My research is on reinforcement learning in brains and machines. I am particularly interested in the process of learning representations that support generalization to promote flexible, speedy RL.
Some background: Deep RL is a highly general and powerfully expressive framework, with impressive victories to its name (Atari, Go, more Go, cooling centers, to list a few of my employer‘s faves). Nevertheless, deep RL has a big problem: data efficiency. A mountain of data is required to train a deep RL agent, and the agent will remain highly specialized for the task it was trained to perform. This is because agents trained with reinforcement alone do not encode anything about the structure of the environment unless its usefulness is immediately apparent. When reward is sparse, as usually the case, agents learn slowly and discard information that could have been useful later on.
The human mind — and the mouse mind, for that matter — is comparatively frugal. We are are constantly stashing information that might be useful for unknowable future problems and identifying patterns in the information we store. For instance, if you spot sugar while looking for salt to season your eggs, you can still recall the steps that led you to the sugar when you later want sweeten your coffee. And even a mediocre human chef understands that stirring coffee is fundamentally similar to the motion of whisking eggs and can recycle shared machinery across these tasks. When we learn about the similarity structure of the world even before it is obvious what that structure might be useful for, we prepare ourselves to plan rapidly in the future by analogy with relevant episodes from the past. Endowing machines with this capability remains largely an open problem, which is one reason we solved Go before we solved amateur cooking.

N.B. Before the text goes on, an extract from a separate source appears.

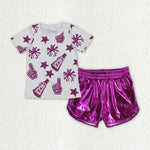 GSSO2515 Cheer Fireworks Leather Girls Shorts Set
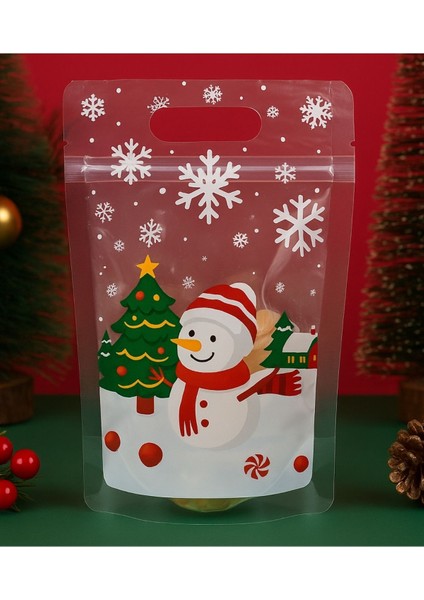 10 Adet Dik Duran El Geçmeli Kilitli Kurabiye Poşeti Kardan Adam Desenli Doypack Hediye Poşeti fiyatları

So I study what kinds of representations in the brain support these analogies and work on expressing them in a mathematical form for machine learning purposes. My doctoral research has involved investigating specifically how hippocampus and entorhinal cortex jointly support this type of flexible learning and planning. In addition to following up on this research, I am now working at DeepMind to port this representational capacity over to machines.